The country’s fresh fruit basket for Christmas and New Year will be smaller and dearer, thanks to the unseasonal rains and the delayed winter. Also, a shortage of high-priced raw material will affect the fruit processing industry adversely. The incidence of pest attacks on most fruit crops has gone up due to unseasonal rain in October and November and the resultant humidity. Almost half of the strawberry crop in Mahabaleshwar, which grows about 80% of the country’s output, has been lost. “Rains have damaged half of the production from the first flowering, which comes into the market in December. We used to have clear weather in November. But this year, we had rain even in November and now in early December,” said Balasaheb Bhilare, president of All India Strawbeery Growers’ Association.

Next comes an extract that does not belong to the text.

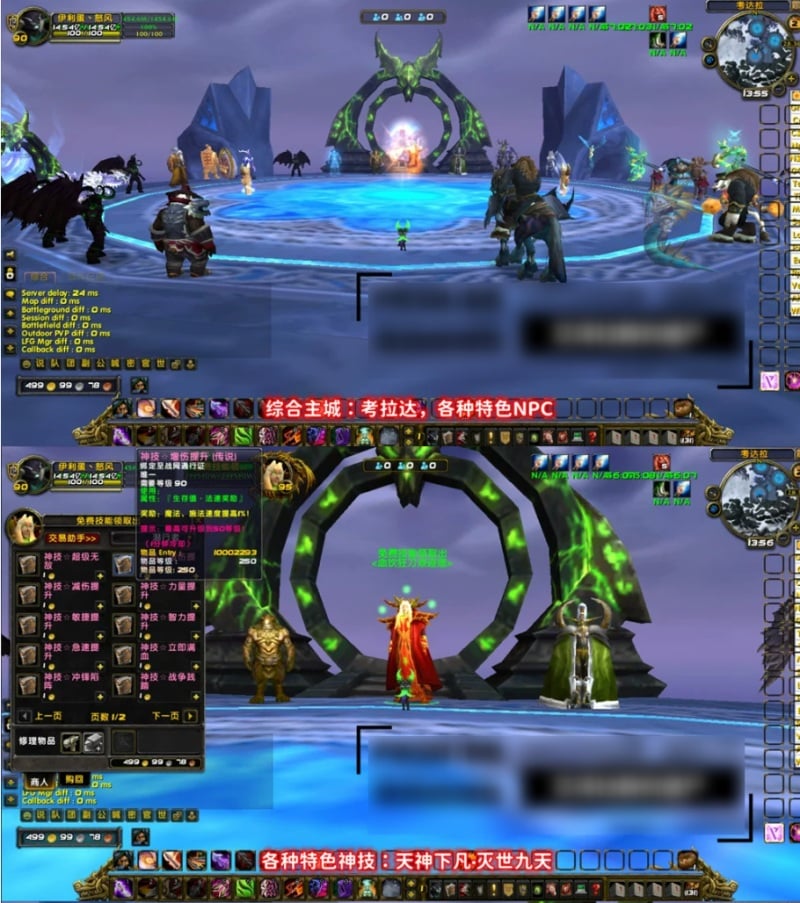 [一键安装] 血饮狂刀魔兽单机版WOW90级魔改熊猫人特色神技宝箱BOSS超变端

Sourcing the required quantity of raw material will be a challenge for the strawberry processing industry. “We may have to run the unit at lower capacity this year. I hope that the yield of the end-season crop in March and April will be good due to the late rainfall. Otherwise, we will have to pay more for procuring strawberries,” said Mayur Vora, chief executive officer of Mahabaleshwar-based Mapro Food Ltd. While Mr Vora declined to comment on the price scenario, indications are that the prices will go up. The delayed winter and heavy rainfall in the southern states of Tamil Nadu and Andhra Pradesh will also hit Mango production in the country.

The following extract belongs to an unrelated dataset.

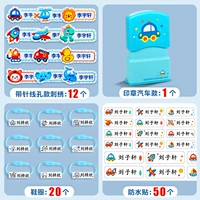 Menbao [Package D] вышивка+водяная чашка пост+кольцо для обуви+уплотнение (модель автомобиля)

“The raw mango crop will be late by at least a month this year. The prices, especially in Tamil Nadu and Andhra Pradesh, will be higher as the crop size may become small due to rainfall. But the crop in Gujarat and Maharashtra is good,” said TS Ahluwalia, chief operating officer of Mother’s Recipe, a national brand in the pickle industry. Mango production in Maharashtra is 50% less than that of normal season for the past two years. Mango processors from the state have already shifted their procurement base to neighbouring states.
Though the late winter is not good for mangoes, the Alphonso variety is unlikely to be much affected. “Late winter will mean that the mango crop will be late. But the Alphonso mango production will be at least double than that of the previous year,” said a senior scientist from Dr Balasaheb Savant Kokan Krishi Vidyapeeth, Dapoli, on condition of anonymity.